* _Work instructions_
A faithful transcription of all the entries below is needed, without the pictures.

____ Data provided

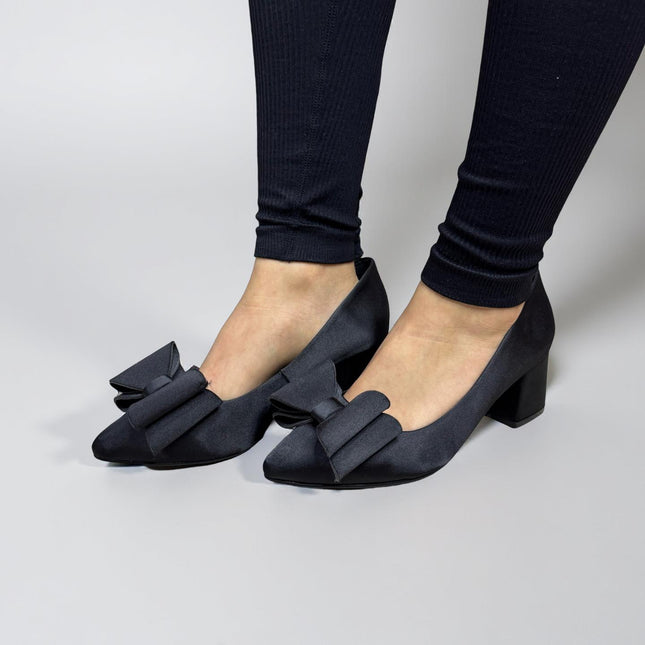Zapatillas de Tacón de Dama Negras con Moño - Acabado Satinado - Modelo M392G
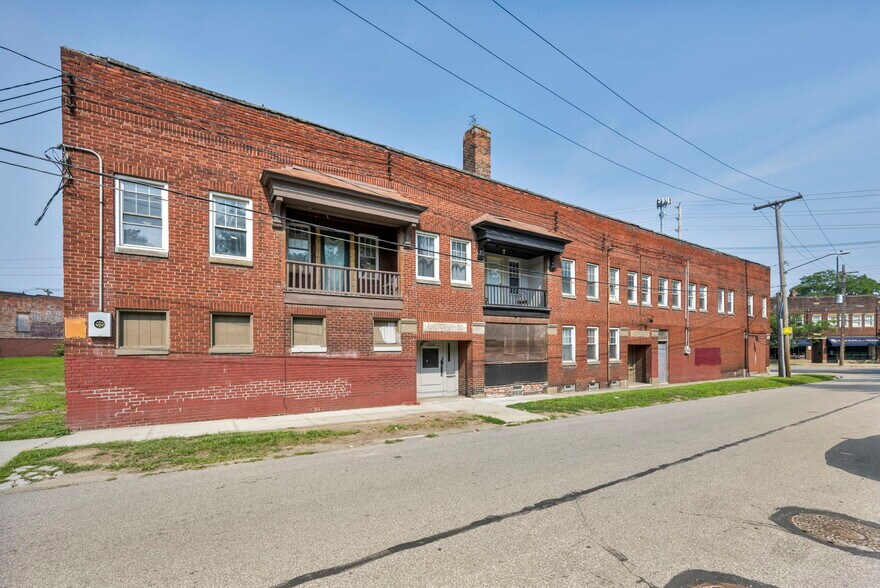 More Photos Of 18614 St Clair, Cleveland Apartments For Sale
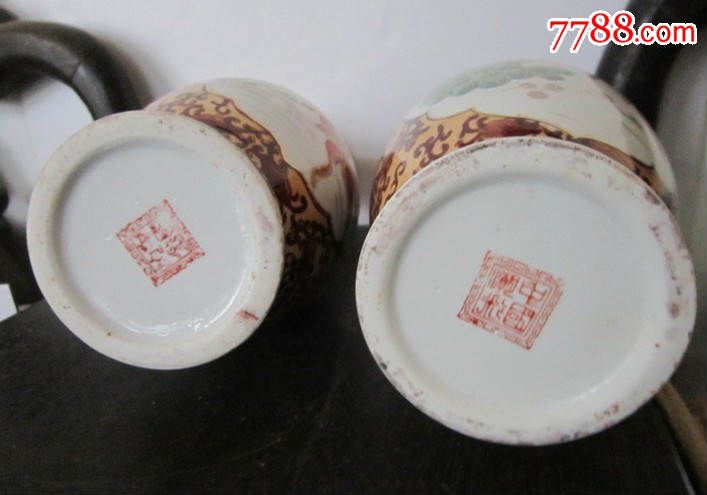 中国潮彩款对瓶,高约26cm,纹饰漂亮,金鱼.蝙蝠,如意,等,寓意吉祥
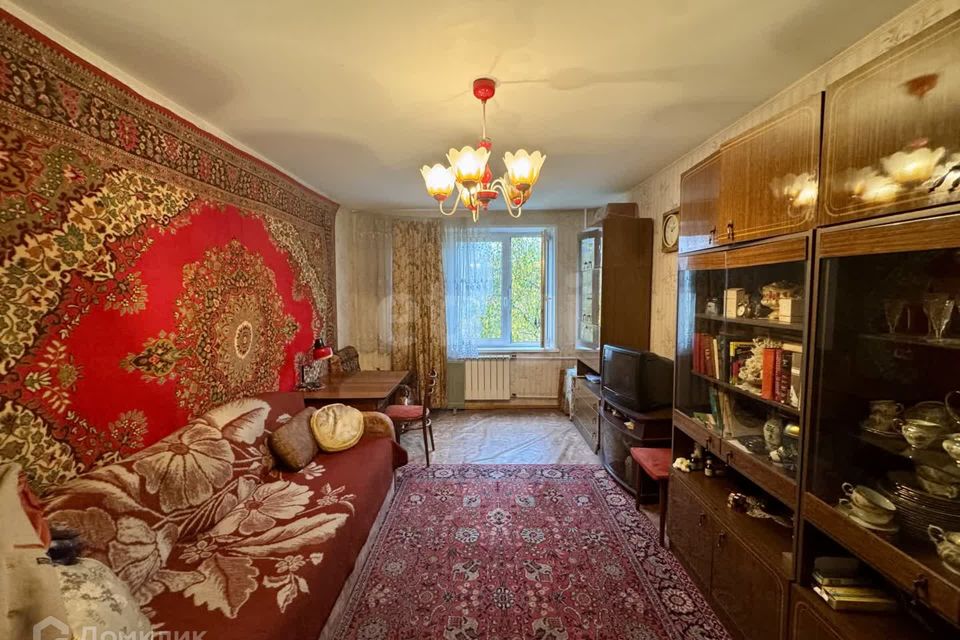 Продаётся 3-комнатная квартира, 58.7 м²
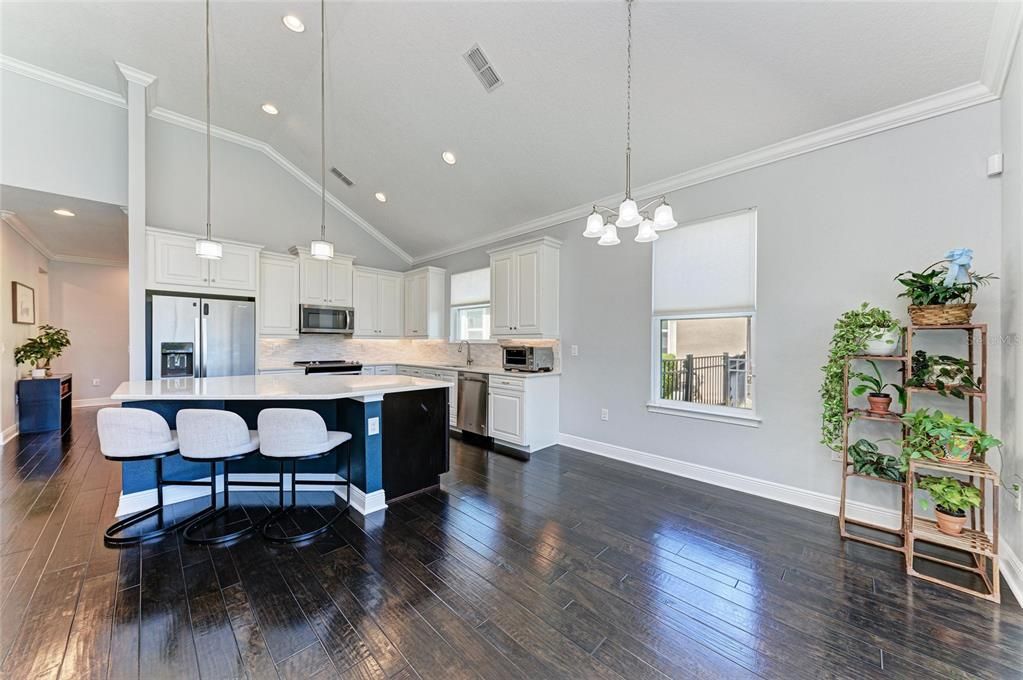 Active With Contract: $4,500 (3 beds, 2 baths, 2507 Square Feet)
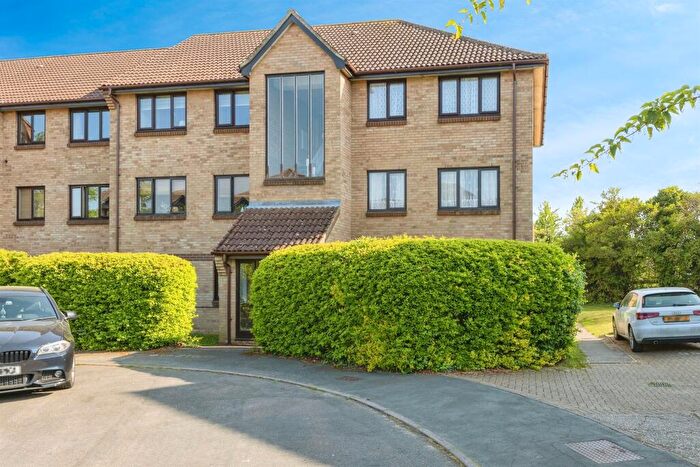 2 Bedroom Apartment For Sale In Bentley Way, Norwich, NR6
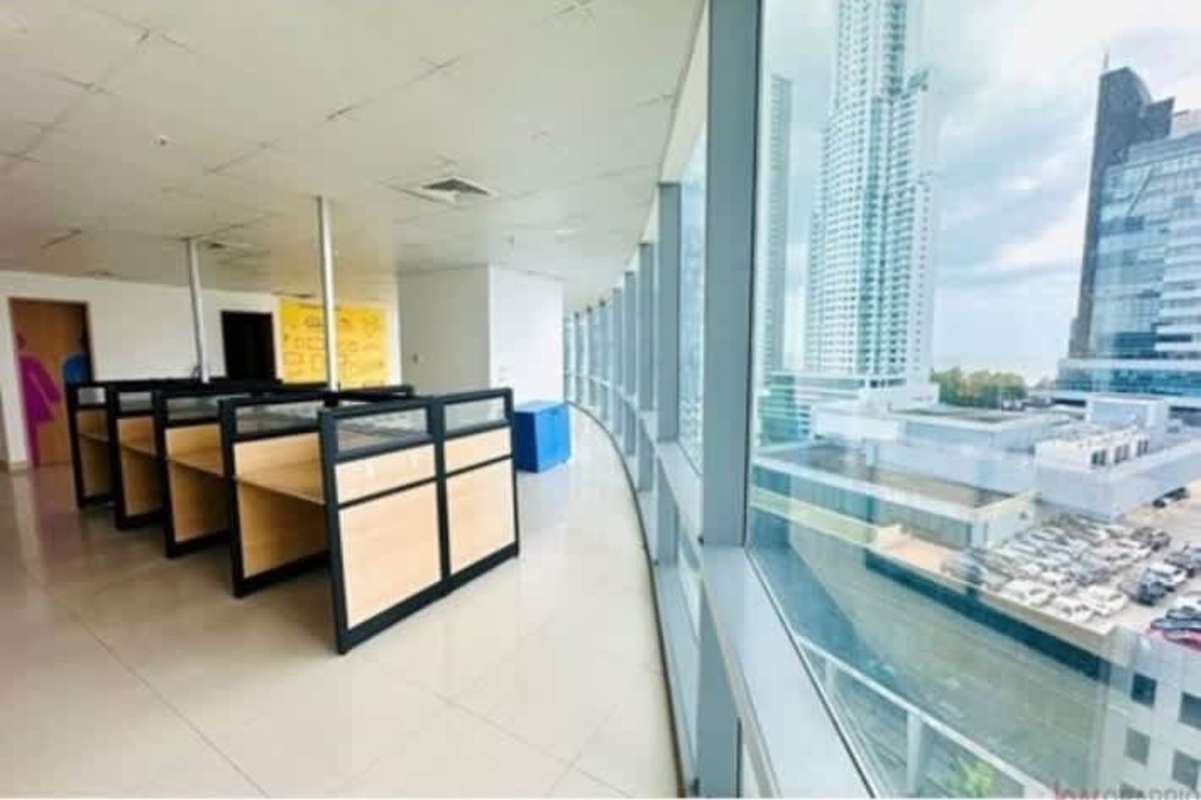 Panoramic glass windows with cubicles in commercial office Costa del Este Panama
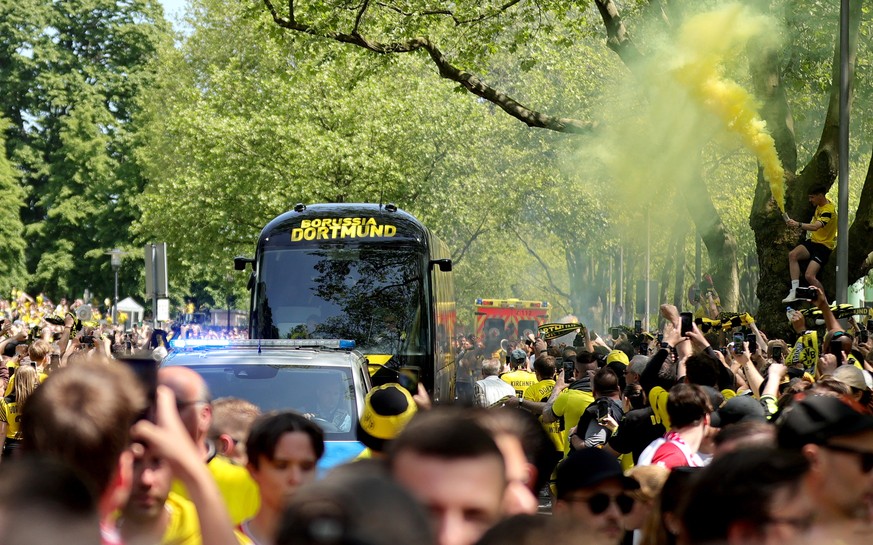 epa10657199 The team bus of Borussia Dortmund drives past fans outside the stadium before the German Bundesliga match between Borussia Dortmund and Mainz 05 in Dortmund, Germany, 27 May 2023. EPA/FRIE ...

________

* _Your solution_
Zapatillas de Tacón de Dama Negras con Moño - Acabado Satinado - Modelo M392G
 More Photos Of 18614 St Clair, Cleveland Apartments For Sale
 中国潮彩款对瓶,高约26cm,纹饰漂亮,金鱼.蝙蝠,如意,等,寓意吉祥
 Продаётся 3-комнатная квартира, 58.7 м²
 Active With Contract: $4,500 (3 beds, 2 baths, 2507 Square Feet)
 2 Bedroom Apartment For Sale In Bentley Way, Norwich, NR6
 Panoramic glass windows with cubicles in commercial office Costa del Este Panama
 epa10657199 The team bus of Borussia Dortmund drives past fans outside the stadium before the German Bundesliga match between Borussia Dortmund and Mainz 05 in Dortmund, Germany, 27 May 2023. EPA/FRIE ...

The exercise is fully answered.